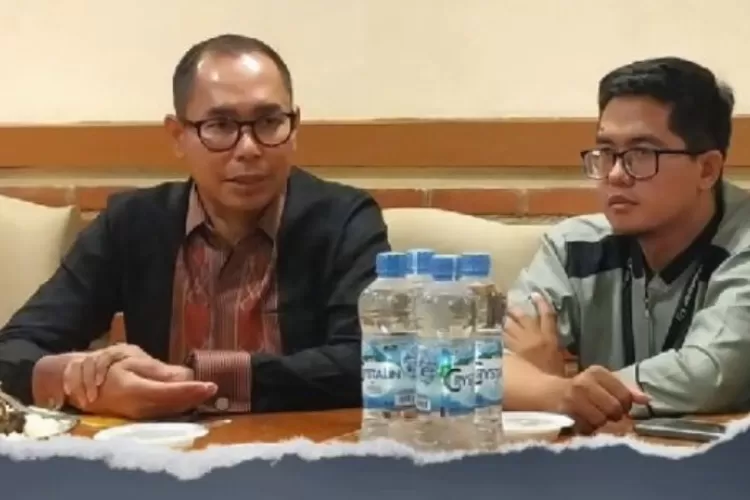 Juru Bicara Kemlu, Judha Nugraha (kiri) pastikan KBRI Dhaka siapkan rencana kontinjensi demi lindungi WNI yang masih tinggal di Nepal.  ((Instagram/peduliwni))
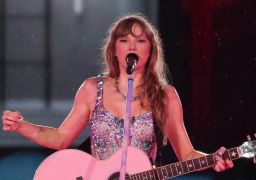 Taylor Swift vence Videoclipe do Ano no <i>VMA 2026</i> e dedica prêmio à Dolly Parton; confira o discurso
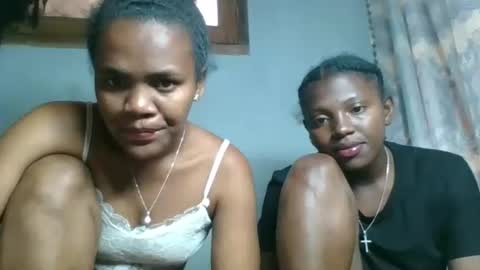 rosia22 online show from 10-30-25, 06:04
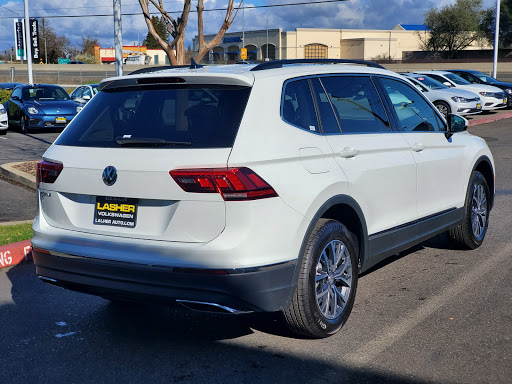 Elk Grove Volkswagen image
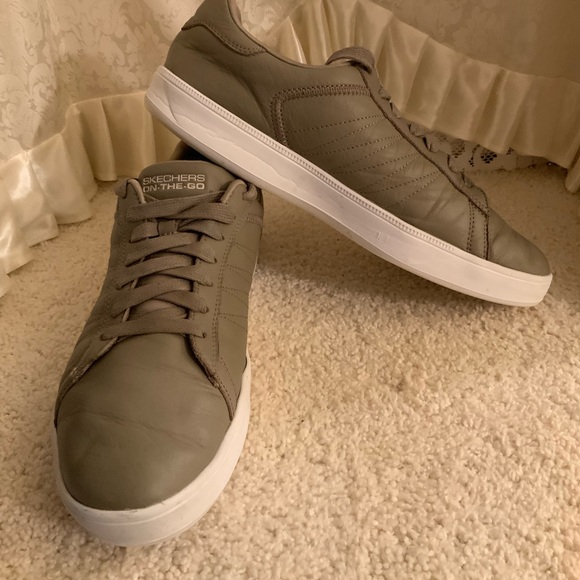 SKETCHERS
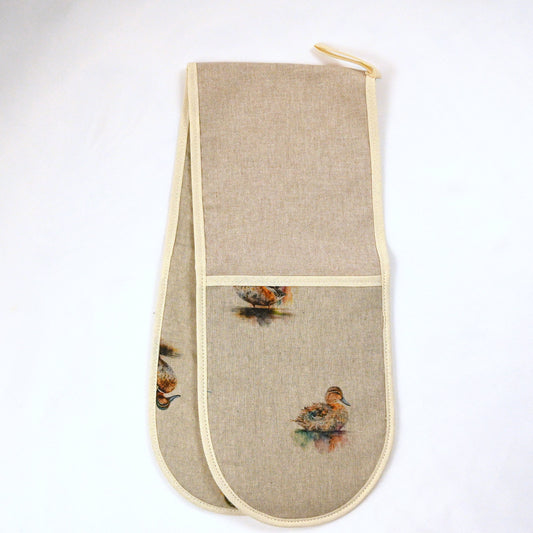 double oven gloves in duck design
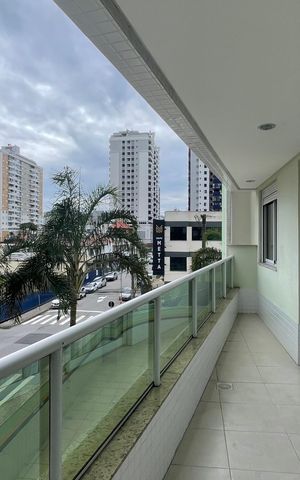 Apartamento para alugar com 134m², 4 quartos e 1 vaga Apartamento para alugar com 134m², 4 quartos e 1 vagaSacada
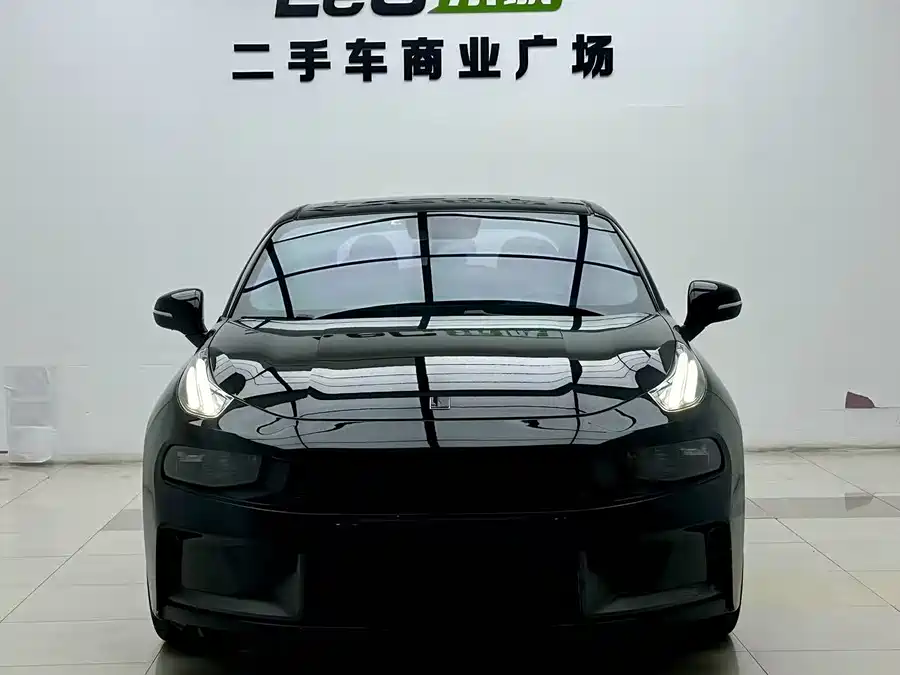 Lynk & Co 03
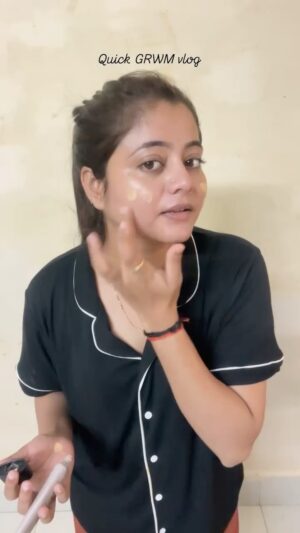 Kaveri Bagalkote Instagram - Quick GRWM🥰❤️
#Kaveribagalkote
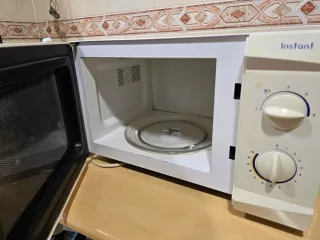 Microondas Taurus Instant Blanco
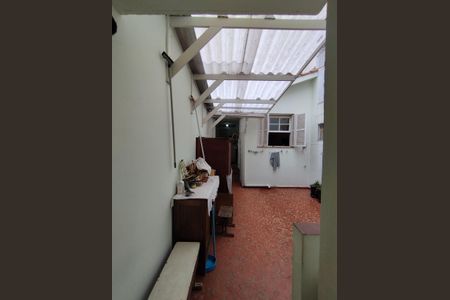 Casa à venda com 130m², 2 quartos e 1 vagaQuintal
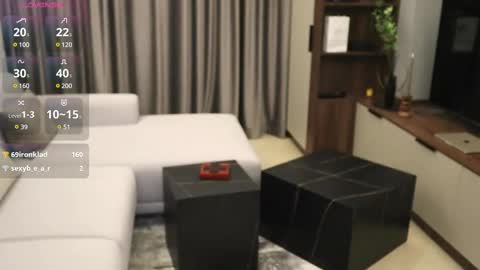 Snapshot of diamondpixie chatting on February 21, 11:21 pm Iris online show from February 21, 11:21 pm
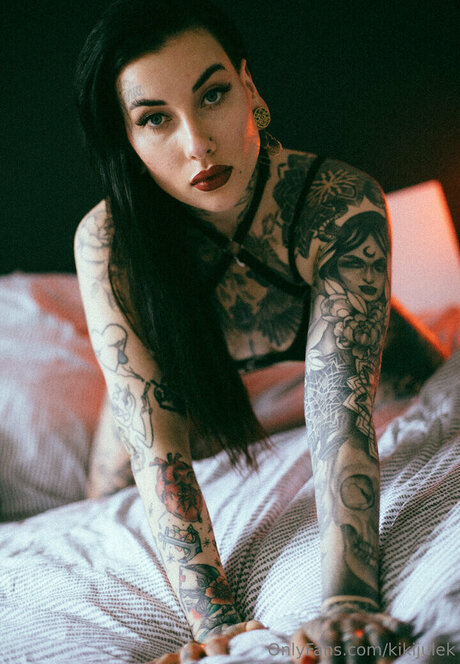 Photo nue de fuite OnlyFans de Kiki Julek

━━━━━━━━

What needs to be done:
Your task is to return the lines above, from the first one up to and including the line containing "Taylor Swift vence", minus any pictures.

Response box:
 Juru Bicara Kemlu, Judha Nugraha (kiri) pastikan KBRI Dhaka siapkan rencana kontinjensi demi lindungi WNI yang masih tinggal di Nepal.  ((Instagram/peduliwni))
 Taylor Swift vence Videoclipe do Ano no <i>VMA 2026</i> e dedica prêmio à Dolly Parton; confira o discurso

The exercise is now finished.